If the taxpayer under examination is not eligible to request a change to its method of accounting to include in its inventory previously excluded transferred excess parts under Rev. Proc. 97-27, the examining agent may require the taxpayer to make the change as part of his/her examination. A change in method of accounting made by the district director resulting in a positive section 481(a) adjustment will ordinarily be made in the earliest taxable year under examination with the entire amount of the section 481(a) adjustment included in the examining agent’s taxable income for the year of the method change.
When an examining agent changes a taxpayer’s method of accounting as part of an examination, it is important that the examining agent provide written notice to the taxpayer stating the proper method of accounting and that the district director is changing the taxpayer’s method of accounting. The written notice should also clearly label the section 481(a) adjustment. The written notice ordinarily should be provided in the examiner’s report, Form 870AD or, where applicable, in a closing agreement finalizing the accounting method change.

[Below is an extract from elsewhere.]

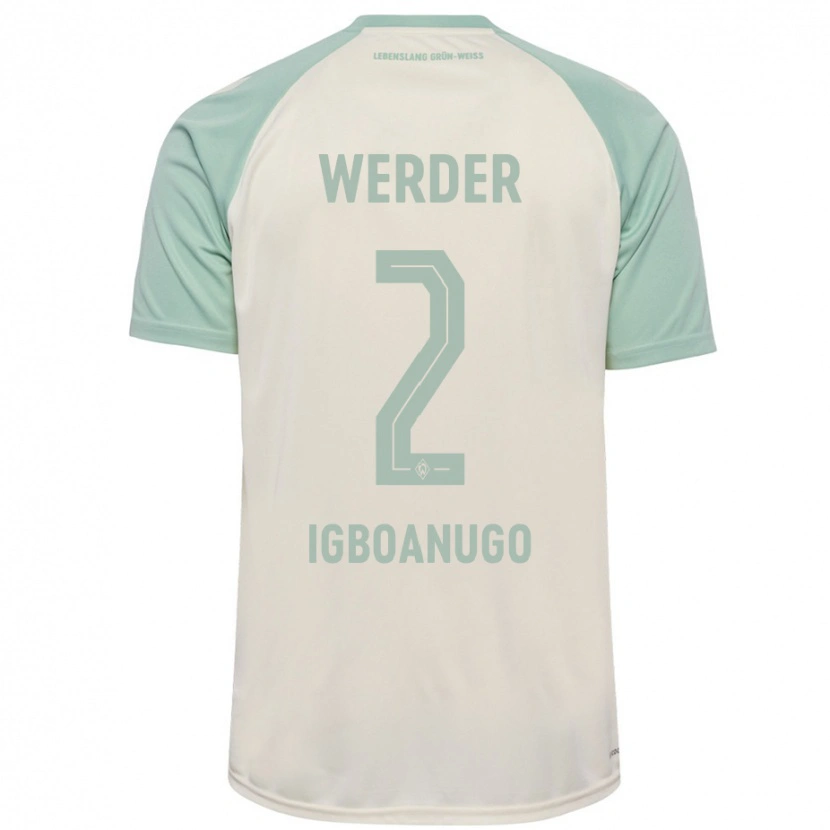 Danxen Dame David Igboanugo #2 Off-White Lysegrønn Bortetrøye Drakt Trøye 2024/25 Skjorter T-Skjorte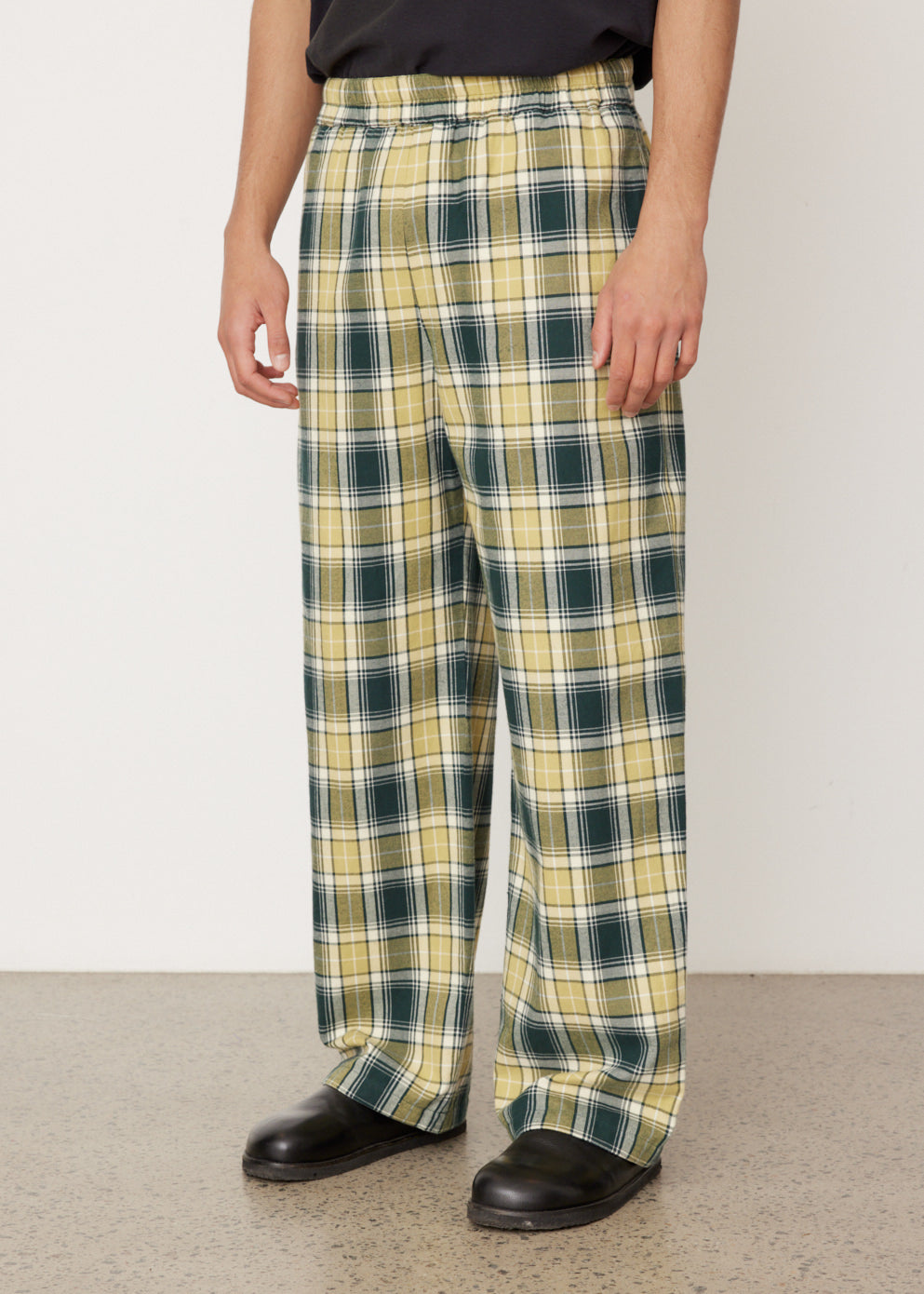 Preben Flannel Check Trousers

If a taxpayer transfers excess parts to warehousing companies during a year under examination and deducts a loss on the transfer, the loss can be disallowed using the principles established by Rev. Rul. 83-59, which have been affirmed by the courts in Paccar and Clark.
Taxpayers may have transferred excess parts to warehousing companies in prior years and deducted losses on the "sales", which may not have been disallowed for the years claimed because the year of the loss was not examined or the issue was not raised. The statute of limitations for assessing additional tax for these years may have expired.
Under the principles established by Rev. Rul. 83-59 and the courts in Paccar and Clark, the excess parts should be included in inventory if they are being held by the warehousing company even if they were transferred in prior years. For any current year under examination, the issue should be raised to include the excess parts in inventory similar to other situations where taxpayers have not included items in inventory.
When a taxpayer has used an improper method of accounting for tax purposes, a change to a correct method may be made during a current year under examination. Thus, if taxpayers have excluded items from inventory for a number of years, a change can be made to include in the current inventory all items improperly excluded. The rules of Section 481 should be applied.
Any excess parts that have been transferred to a warehousing company are includible in inventory where the taxpayer retains dominion and control over the parts. If the parts have been excluded for a number of years, a section 481 adjustment should be made.